Michelle: Exactly. AI readiness is about the underlying infrastructure, the stuff that determines whether your platform can actually support intelligence later when it’s needed most.

Shannon: Right, so you can’t rely on flashy features if the core systems aren’t solid.

Michelle: And in our world that core is payments, data, and integrations.

Shannon: So let’s start with the big takeaway. AI readiness isn’t about shipping features. It’s about making the right infrastructure decisions today.

Michelle: That’s right. So it might sound a little bit boring at first, but these decisions have a huge impact down the line. If your systems are messy or your data is fragmented now, implementing AI later becomes a lot harder.

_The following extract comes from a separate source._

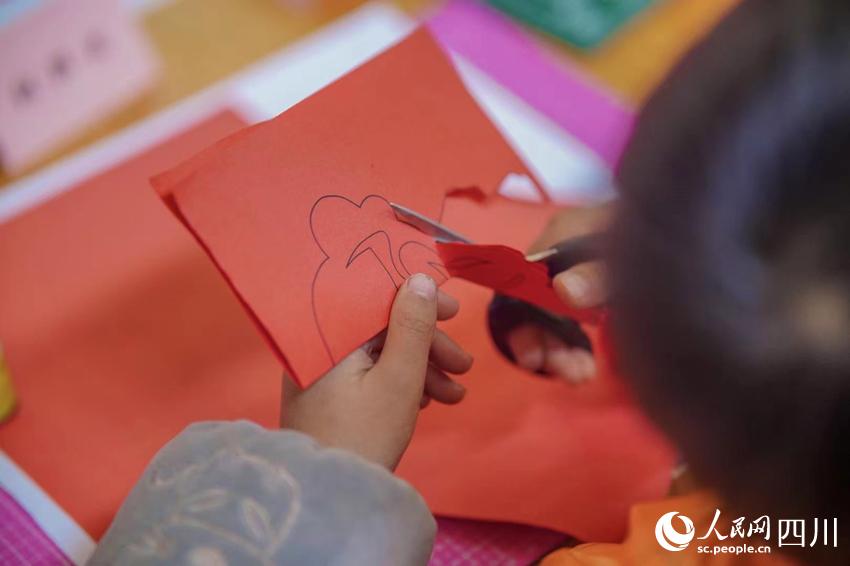 孩子认真制作剪纸作品。翁光建摄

Shannon: Exactly. So no AI model in the world can fix inconsistent data or manual reconciliation processes. If your finance team is spending days merging spreadsheets, that’s not smart data. That’s actually a roadblock.

Michelle: It is not just an internal headache either. Fragmented data slows down product development, makes scaling more expensive, and limits your ability to respond quickly to market changes.

Shannon: Clean, consistent payments data isn’t just a nice-to-have. It’s the foundation your platform is built on. So treat it like gold because it literally drives every intelligent decision you’ll make down the line.

Michelle: Now let’s talk about ownership. Not just enabling payments, but actually owning the payments experience and the data.

Shannon: So enabling payments is easy. You plug in a processor, transactions flow, and money moves.

Michelle: But owning it is a real game changer. It means full control over the experience, and more importantly, real-time access to your data.

Shannon: Which is huge. If you wanna do things like dynamic pricing or churn prediction, you can’t make those moves if your data is locked behind a third-party portal.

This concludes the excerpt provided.